Image-text web data
==========

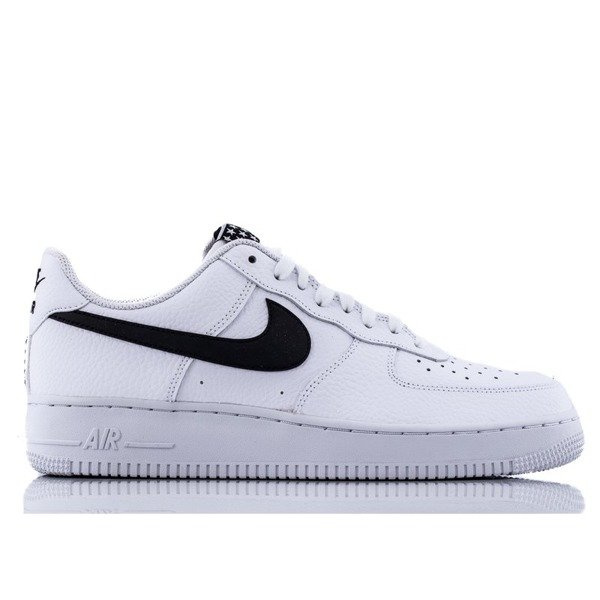 Nike Air Force 1 ''07 (AA4083-103)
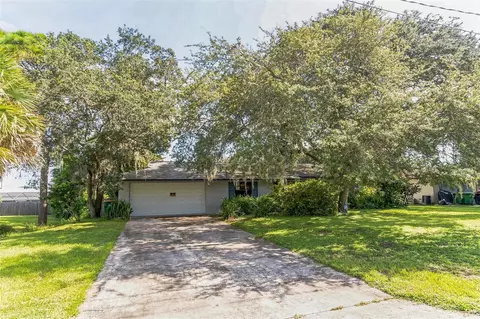 4750 Robert St, Cocoa, FL 32927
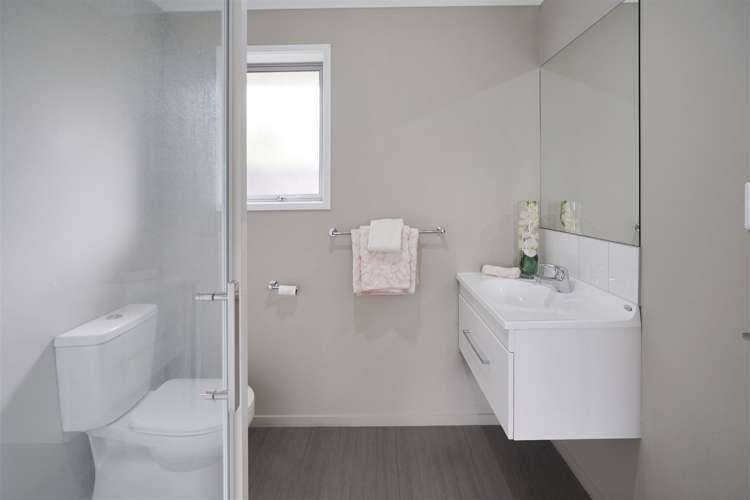 1 Eversham Drive Rolleston_12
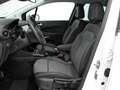 Opel Crossland 1.2 S&S Elegance Pack 110 Blanc - thumbnail 22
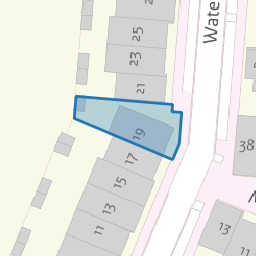 Perceel MDN01-A-2012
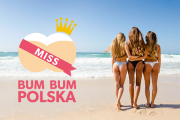 Miss Bum Bum Polska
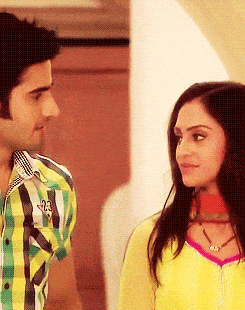 12 Things A Newly Wedded Bride Must Never Discuss With Her In Laws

==========

Each line from the one with "Opel Crossland 1.2" through the end of the entries should be reproduced exactly. Leave out the pictures.

 Opel Crossland 1.2 S&S Elegance Pack 110 Blanc - thumbnail 22
 Perceel MDN01-A-2012
 Miss Bum Bum Polska
 12 Things A Newly Wedded Bride Must Never Discuss With Her In Laws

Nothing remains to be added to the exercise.